1800 is very much a watershed in my opinion. It's the point past where basic tactics and pattern matching can take you, and you need a fuller awareness of the game.
This rhymes with models reaching a relatively high level of written rhetoric and knowledge in many areas, but not getting to expert levels in any of them.
I would guess that models are upper-bounded at 1800, not lower-bounded by high quality player data.
That's what people say at every level once they reach their ceiling, whether it's 1000, 1500, or 2000
The right answer *is* oolong.
Nice article! The regurgitation trick was pretty neat.
I'll note that my paper “Emergent World Models and Latent Variable Estimation in Chess-Playing Language Models” was on a 25M parameter LLM trained from scratch to predict the next character in chess PGN strings, not on GPT-3.5-turbo-instruct (as I don't have weights access to that model).
Notably, a 25M parameter model is several orders of magnitude smaller than modern LLMs, yet it still learns to play chess well.
Maybe a dumb question, but how do your LLMs know that you want them to win? Ie to prefer moves that lead to winning? Every published game, except for the occasional draw, has a sequence of moves that led to a win AND a sequence of moves that lead to a loss. And when grandmasters play, they usually play grandmasters ie their games offer comparably ranked examples of both winning and losing. Even if the model was trained to distinguish the winner’s moves from the loser’s, how does it know that you want it to play ‘like the winners’?

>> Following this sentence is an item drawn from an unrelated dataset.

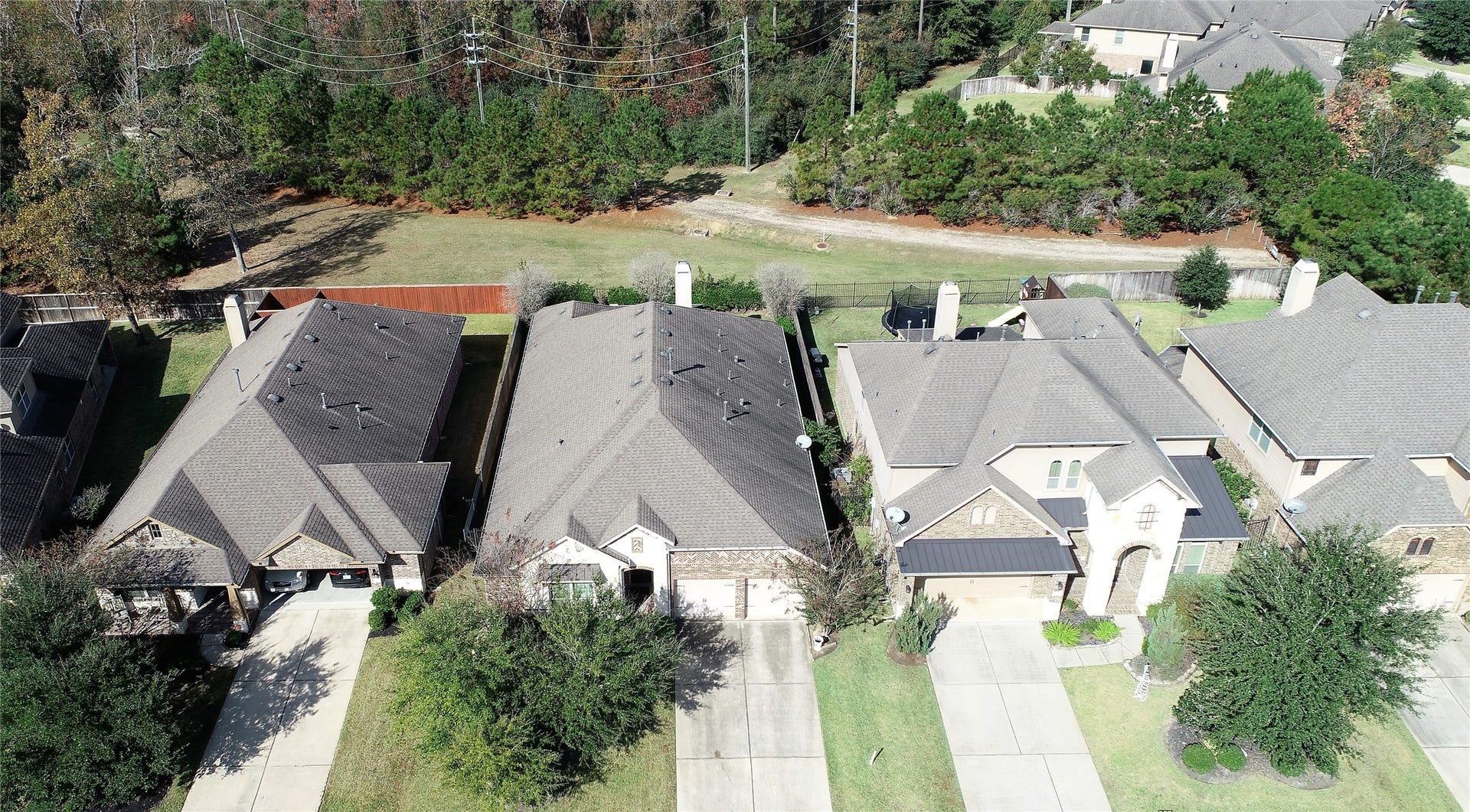 151 W Wading Pond Circle, Tomball, TX 77375 151 W Wading Pond Circle, Tomball, TX 77375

I think this is a very fair question. Let me rephrase it this way: Why *does* gpt-3.5-turbo-instruct win against Stockfish on level 1? My intuition is that in the training data, players overwhelmingly do sensible things, and if one player makes a huge blunder, they usually lose. Since Stockfish on level 1 isn't that smart, it blunders more than players typically would in the training data, which leads to gpt-3.5-turbo-instruct usually winning. So I think it *doesn't* really know that it's supposed to win, but the fact that it's trained on high-quality has that effect anyway.
Perhaps you could encourage a model to win by saying something like: "You are a chess grandmaster playing against an chess international master." I.e. both will be doing very well (might be worth adjusting for stockfish 1 idk) but one is significantly more likely to win.